→ **YOUR INSTRUCTIONS**
The answer must be every line of the data that holds the word "place".

START RECORD SET

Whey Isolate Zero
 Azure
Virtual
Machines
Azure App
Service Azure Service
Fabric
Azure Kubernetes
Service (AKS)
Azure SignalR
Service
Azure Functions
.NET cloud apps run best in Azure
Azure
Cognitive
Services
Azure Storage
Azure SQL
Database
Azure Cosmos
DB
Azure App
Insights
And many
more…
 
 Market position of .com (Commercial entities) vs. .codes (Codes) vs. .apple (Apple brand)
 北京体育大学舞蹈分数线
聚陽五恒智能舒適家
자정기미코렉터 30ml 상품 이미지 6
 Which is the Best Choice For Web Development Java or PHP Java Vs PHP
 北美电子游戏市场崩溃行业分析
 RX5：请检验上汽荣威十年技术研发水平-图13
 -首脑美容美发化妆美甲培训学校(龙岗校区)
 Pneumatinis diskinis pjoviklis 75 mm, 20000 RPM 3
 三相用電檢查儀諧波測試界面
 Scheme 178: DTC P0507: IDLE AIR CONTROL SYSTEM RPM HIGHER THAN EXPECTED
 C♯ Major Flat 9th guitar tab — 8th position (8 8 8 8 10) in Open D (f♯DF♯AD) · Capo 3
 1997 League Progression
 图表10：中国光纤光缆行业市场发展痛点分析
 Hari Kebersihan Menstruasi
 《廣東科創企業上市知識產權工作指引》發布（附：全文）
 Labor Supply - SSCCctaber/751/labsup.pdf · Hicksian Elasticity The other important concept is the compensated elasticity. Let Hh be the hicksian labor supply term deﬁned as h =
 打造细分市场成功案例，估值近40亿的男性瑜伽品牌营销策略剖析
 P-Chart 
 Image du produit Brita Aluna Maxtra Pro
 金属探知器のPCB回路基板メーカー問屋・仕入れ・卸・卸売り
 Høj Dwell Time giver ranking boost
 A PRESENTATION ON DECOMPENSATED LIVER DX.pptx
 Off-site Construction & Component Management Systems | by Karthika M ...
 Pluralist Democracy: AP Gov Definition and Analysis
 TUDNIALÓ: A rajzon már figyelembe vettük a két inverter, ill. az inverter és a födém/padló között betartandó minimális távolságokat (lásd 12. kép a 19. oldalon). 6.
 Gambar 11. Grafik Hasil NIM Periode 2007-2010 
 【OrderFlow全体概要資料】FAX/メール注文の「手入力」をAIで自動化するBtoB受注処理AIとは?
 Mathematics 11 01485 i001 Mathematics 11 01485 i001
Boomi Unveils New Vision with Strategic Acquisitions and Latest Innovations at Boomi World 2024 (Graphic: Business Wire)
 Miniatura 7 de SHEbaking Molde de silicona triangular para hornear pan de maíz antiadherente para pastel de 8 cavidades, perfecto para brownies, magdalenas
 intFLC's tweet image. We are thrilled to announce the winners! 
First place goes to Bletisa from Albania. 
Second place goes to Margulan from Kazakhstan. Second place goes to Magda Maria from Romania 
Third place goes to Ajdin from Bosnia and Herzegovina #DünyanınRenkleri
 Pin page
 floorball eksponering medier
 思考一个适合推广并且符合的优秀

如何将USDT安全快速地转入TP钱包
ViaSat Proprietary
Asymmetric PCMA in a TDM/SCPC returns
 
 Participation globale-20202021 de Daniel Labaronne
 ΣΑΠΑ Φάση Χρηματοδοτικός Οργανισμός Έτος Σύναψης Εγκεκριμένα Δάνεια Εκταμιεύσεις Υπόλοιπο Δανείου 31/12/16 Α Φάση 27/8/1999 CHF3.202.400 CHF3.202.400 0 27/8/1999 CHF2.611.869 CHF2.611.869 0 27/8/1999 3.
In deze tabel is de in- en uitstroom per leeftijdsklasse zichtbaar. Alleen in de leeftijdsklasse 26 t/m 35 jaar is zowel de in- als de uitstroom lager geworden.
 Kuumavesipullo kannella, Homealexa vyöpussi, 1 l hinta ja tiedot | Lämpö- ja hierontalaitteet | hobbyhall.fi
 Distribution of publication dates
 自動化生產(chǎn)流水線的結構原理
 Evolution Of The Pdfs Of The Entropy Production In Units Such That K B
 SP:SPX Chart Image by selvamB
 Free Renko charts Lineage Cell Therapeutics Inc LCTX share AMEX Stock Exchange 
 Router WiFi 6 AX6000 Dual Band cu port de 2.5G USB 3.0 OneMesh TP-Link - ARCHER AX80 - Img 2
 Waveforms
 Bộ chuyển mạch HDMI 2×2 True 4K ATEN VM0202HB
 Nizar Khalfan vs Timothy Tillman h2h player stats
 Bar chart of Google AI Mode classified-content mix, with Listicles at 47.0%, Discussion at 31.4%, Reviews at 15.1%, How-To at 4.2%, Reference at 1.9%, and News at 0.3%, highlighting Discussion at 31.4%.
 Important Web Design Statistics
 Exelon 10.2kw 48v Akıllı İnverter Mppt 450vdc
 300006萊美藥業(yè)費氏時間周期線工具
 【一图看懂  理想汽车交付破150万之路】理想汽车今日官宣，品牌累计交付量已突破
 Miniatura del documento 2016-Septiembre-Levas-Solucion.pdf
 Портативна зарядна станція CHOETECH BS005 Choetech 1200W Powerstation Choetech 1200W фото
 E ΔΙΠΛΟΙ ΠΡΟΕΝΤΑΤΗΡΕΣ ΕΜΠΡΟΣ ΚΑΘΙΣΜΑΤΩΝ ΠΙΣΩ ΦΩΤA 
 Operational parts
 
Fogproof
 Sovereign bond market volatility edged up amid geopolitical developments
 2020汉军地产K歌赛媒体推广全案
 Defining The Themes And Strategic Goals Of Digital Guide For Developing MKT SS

END RECORD SET

→ **TASK ANSWER**
First place goes to Bletisa from Albania. 
Second place goes to Margulan from Kazakhstan. Second place goes to Magda Maria from Romania 
Third place goes to Ajdin from Bosnia and Herzegovina #DünyanınRenkleri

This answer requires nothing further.